I can’t do this. I can’t sort through these feelings—the anger, the attraction, the pain of everything that’s been buried between us. I can’t keep reliving the past, keep pretending that seeing him again doesn’t affect me the way it does.
Tears collect in the corner of my eyes then fall silently. I cry for the girl I used to be, for the life I thought I'd have. I cry for Anna, for the gaping hole her absence left in all our lives. I cry for Griffin, for Wyatt, for Cody and for the mess I've made of everything.
After all these years, after everything that's happened between us, I let myself get caught up in the moment, and now...now I don't know what to do.
My mind races, replaying every touch, every kiss. The way his hands felt on my skin, how perfectly our bodies still fit together. For those brief, blissful moments, it was like no time had passed at all. It felt like that when I kissed any of them.
Every time I close my eyes, I see flashes of Griffin's heated gaze, and feel the ghost of his touch on my skin. But then Wyatt's face swims into view, followed by Cody's, and the guilt twists my stomach into knots.
I've let myself get swept up in old feelings and new desires, crossing lines I swore I never would. And now it was too late to take anything back.
Eventually, the darkness closes in and sleep finds me.
The exhaustion of everything weighing me down like a stone sinking into the ocean. But it isn’t long before the quiet turns into something else, something far more sinister. I’m not resting—I’m remembering.
The cold bite of the air is the first thing I feel. The wind is howling, just like it is now, but I’m not in the lodge anymore. I’m in a car. Her car.

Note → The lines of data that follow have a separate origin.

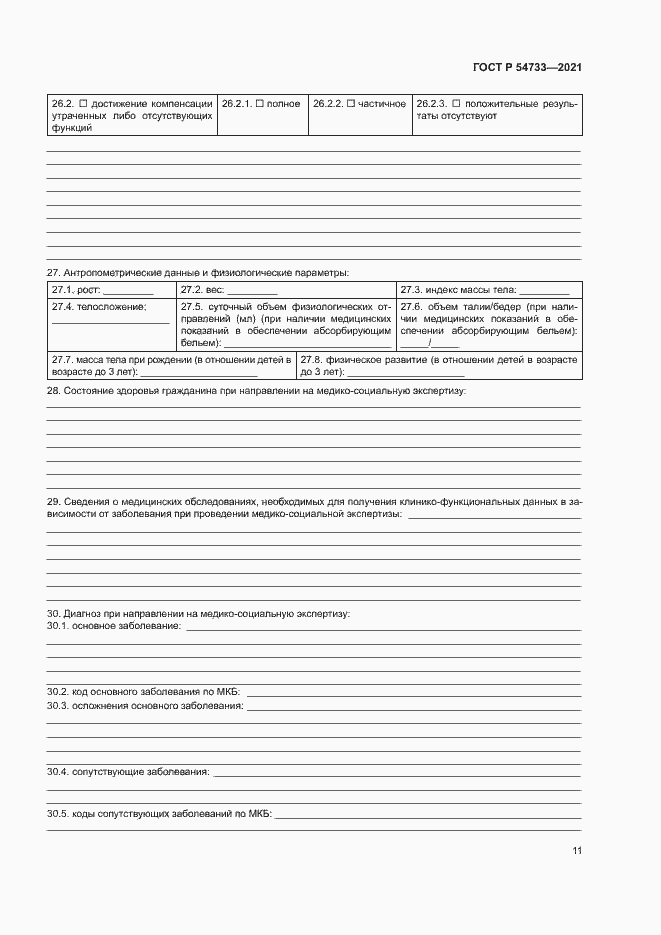 Страница 16 ГОСТ Р 54733-2021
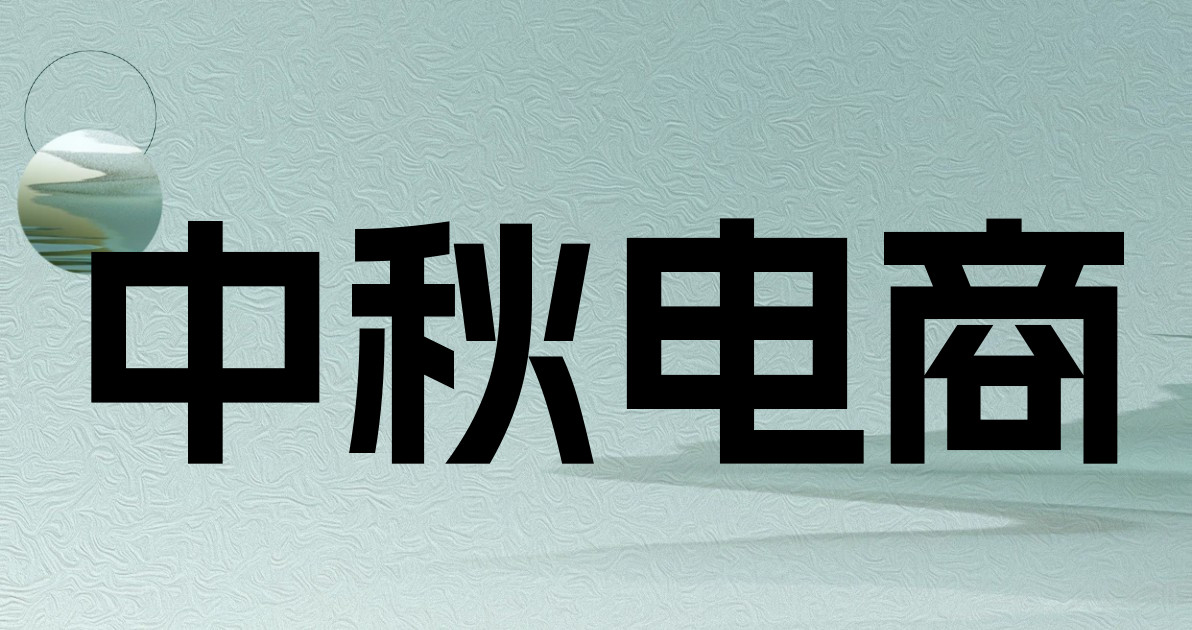 中秋电商
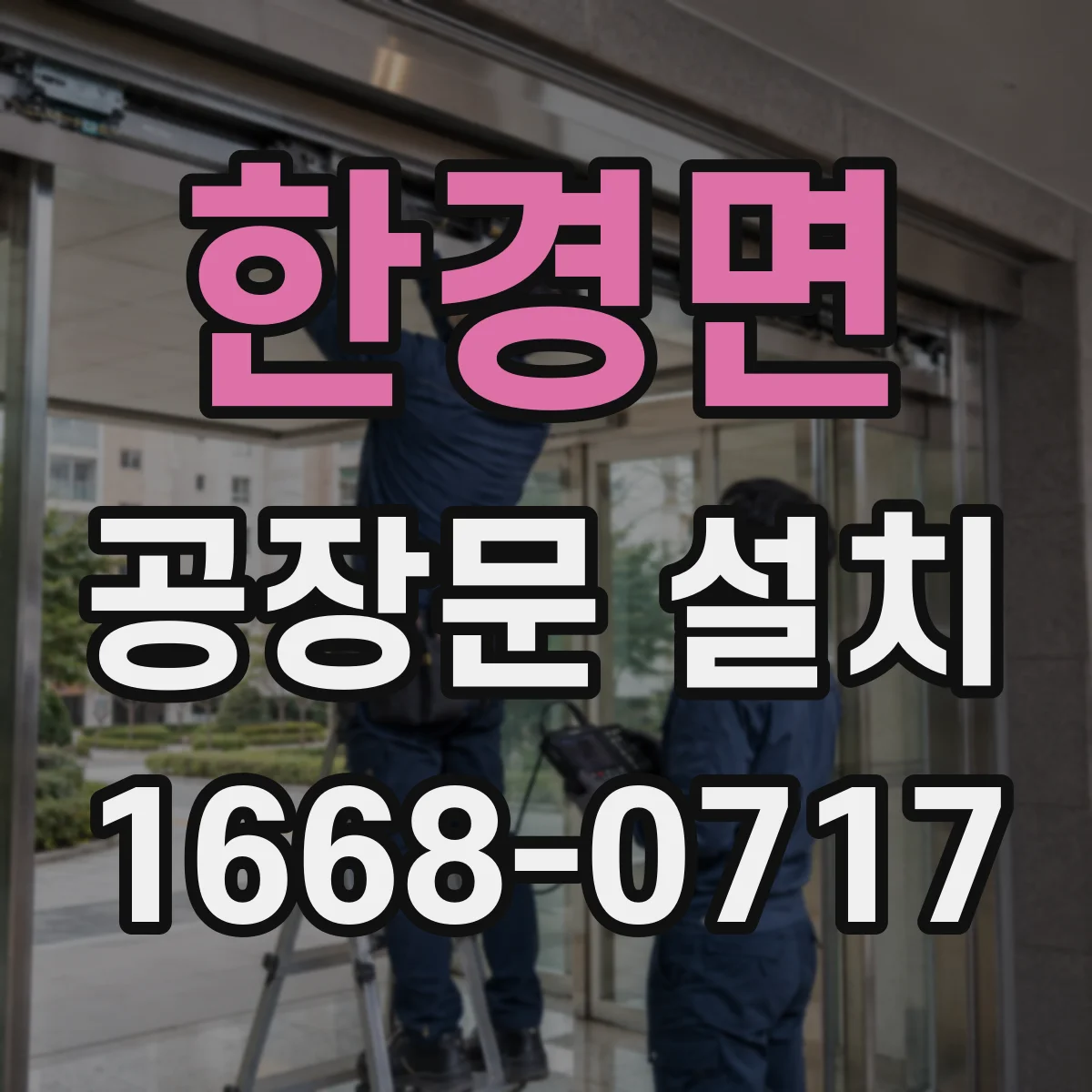 한경면 공장문 설치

Anna is beside me, her laughter filling the small space as we drive down the winding road, the headlights cutting through the swirling snow. I can feel the warmth of her presence, the familiar sound of her voice as she talks about her plans for the future, about Griffin, and the life she was building with him.
I laugh along with her, but there’s a weight in my chest, something I can’t name, something that feels off. The road ahead stretches endlessly, the snow falling faster, heavier, until it’s almost impossible to see. I wonder if we should pull over, but Anna doesn’t seem worried so I don’t say anything. She’s still smiling, still chatting like we have all the time in the world.

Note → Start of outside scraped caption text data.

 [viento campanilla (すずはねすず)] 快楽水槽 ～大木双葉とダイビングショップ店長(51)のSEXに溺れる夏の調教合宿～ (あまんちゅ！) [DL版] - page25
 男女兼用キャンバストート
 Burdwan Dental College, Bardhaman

And then, the flash. Headlights coming at us from the opposite direction. Too fast. Too close.
“Anna—” I try to scream, but the sound is ripped from my throat as the car swerves. The tires screech against the icy road, and everything tilts. My heart pounds, panic rising like a tidal wave, and I grab the wheel, trying to steady it, to take control.
But it’s too late. The car spins out of control, and all I can see is the blur of snow, blinding headlights, and then the sickening sound of crunching metal as we slam into something solid.
Everything stops.
I’m frozen in place, my chest heaving with ragged breaths. I turn to Anna, her name on my lips, but she’s not laughing anymore. She’s slumped in her seat, her head turned toward me, her eyes open but empty.

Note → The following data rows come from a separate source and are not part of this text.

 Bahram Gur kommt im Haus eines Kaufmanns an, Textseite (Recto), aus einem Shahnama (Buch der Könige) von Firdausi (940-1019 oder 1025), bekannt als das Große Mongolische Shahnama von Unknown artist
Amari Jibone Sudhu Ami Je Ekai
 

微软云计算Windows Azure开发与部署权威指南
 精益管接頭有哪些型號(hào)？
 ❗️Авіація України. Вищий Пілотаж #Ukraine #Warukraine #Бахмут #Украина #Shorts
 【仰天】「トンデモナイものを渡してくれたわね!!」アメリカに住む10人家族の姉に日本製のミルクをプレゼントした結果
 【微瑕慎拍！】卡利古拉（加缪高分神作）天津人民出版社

“Anna!” I scream, shaking her, but she doesn’t move. The cold seeps into the car, into my bones, and I can’t breathe, I can’t think. All I can do is stare at her, at the lifeless body of my best friend, the girl who was supposed to have a whole future ahead of her.
My heart shatters, the guilt crashing over me like a wave. It should have been me.
I can’t save her. I can’t stop the nightmare from unfolding, the memory I’ve buried so deep, clawing its way back to the surface, suffocating me.
It’s my fault.
The world tilts again, the dream warping, and I’m back in the car, back in the moment before it all went wrong. But this time, I’m screaming. I’m screaming Anna’s name, begging her to stop, to slow down, to change the outcome before it’s too late. But she doesn’t hear me. She’s gone before I can even reach her.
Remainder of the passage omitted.